> **What is expected**: Begin at the line containing "Poster Gerânio Amarelo (Frente)" and restate it and each line after it exactly, up to and including the last line below. Leave pictures out.

> **Supplied information**:

________________________________________

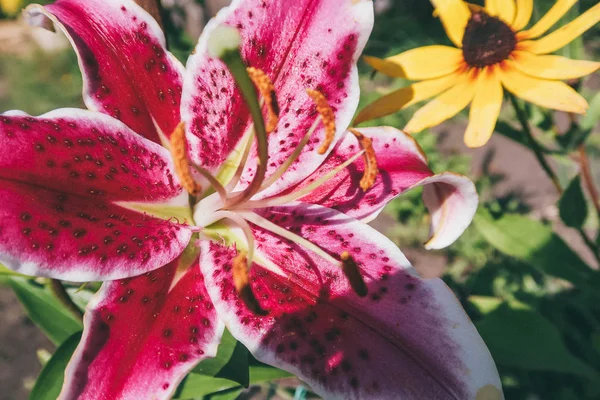 Bahçede, pembe lilyum çiçek buketi, Zephyranthes çiçek, lilyum oryantal joop pembe Lilly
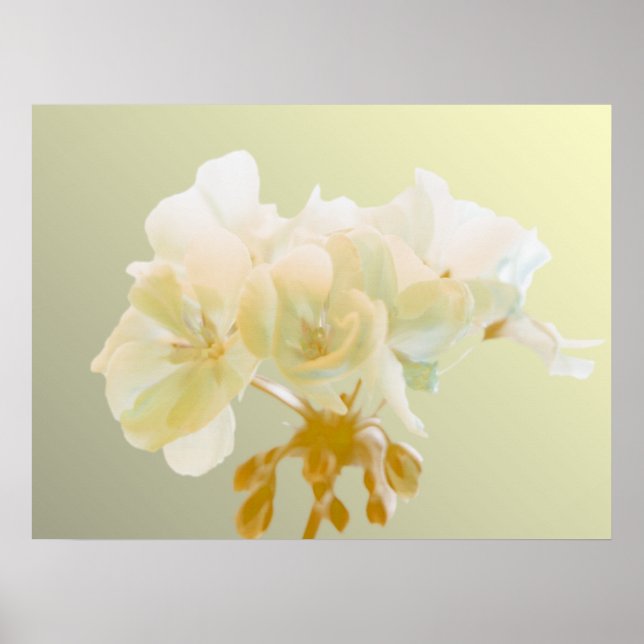 Poster Gerânio Amarelo (Frente)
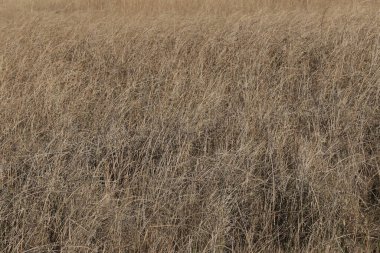 Kuru otların yakınına.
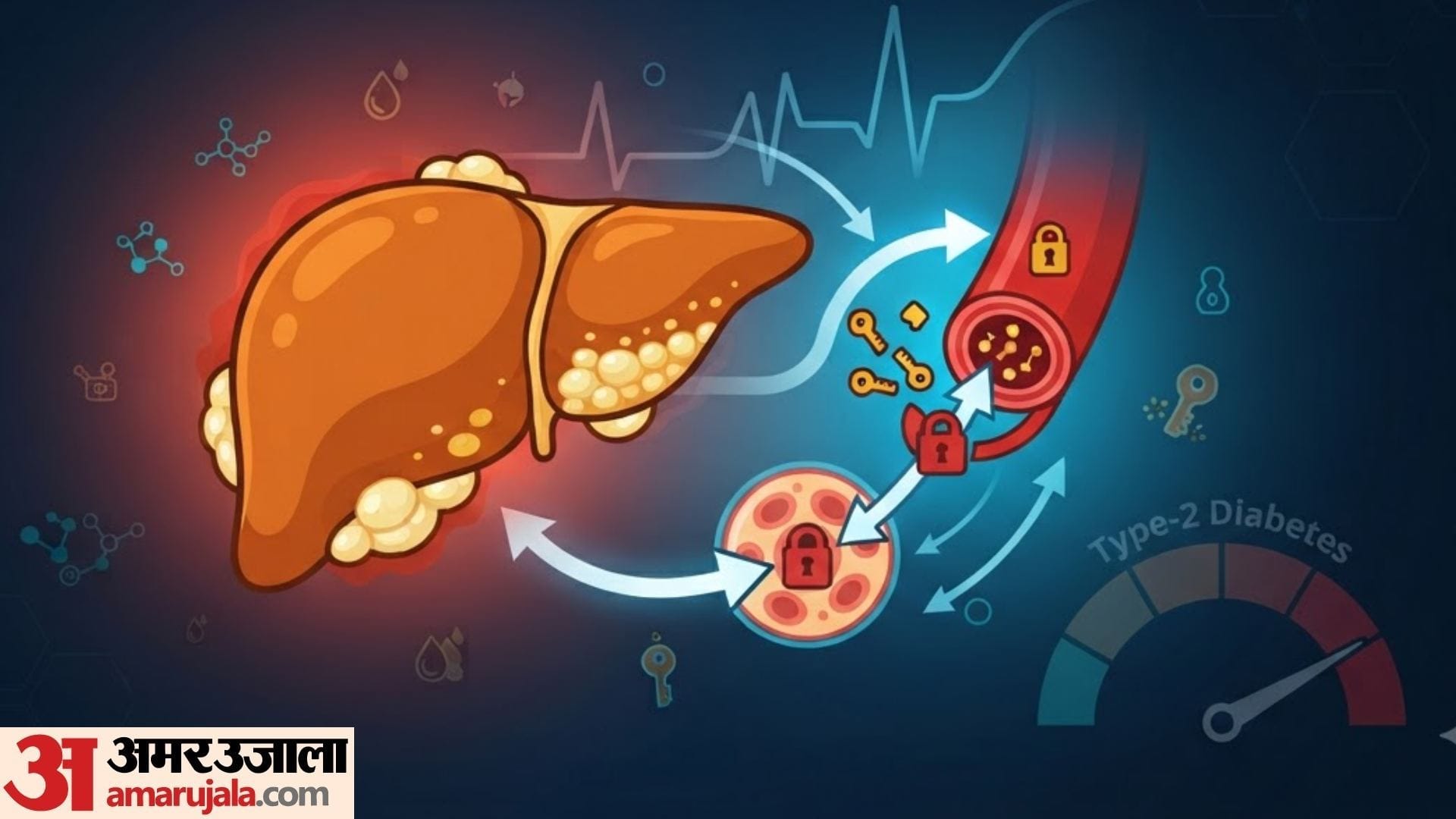 connection between diabetes and fatty liver in hindi kya fatty liver walo ko diabetes hota hai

________________________________________

> **Solution for this task**:
 Poster Gerânio Amarelo (Frente)
 Kuru otların yakınına.
 connection between diabetes and fatty liver in hindi kya fatty liver walo ko diabetes hota hai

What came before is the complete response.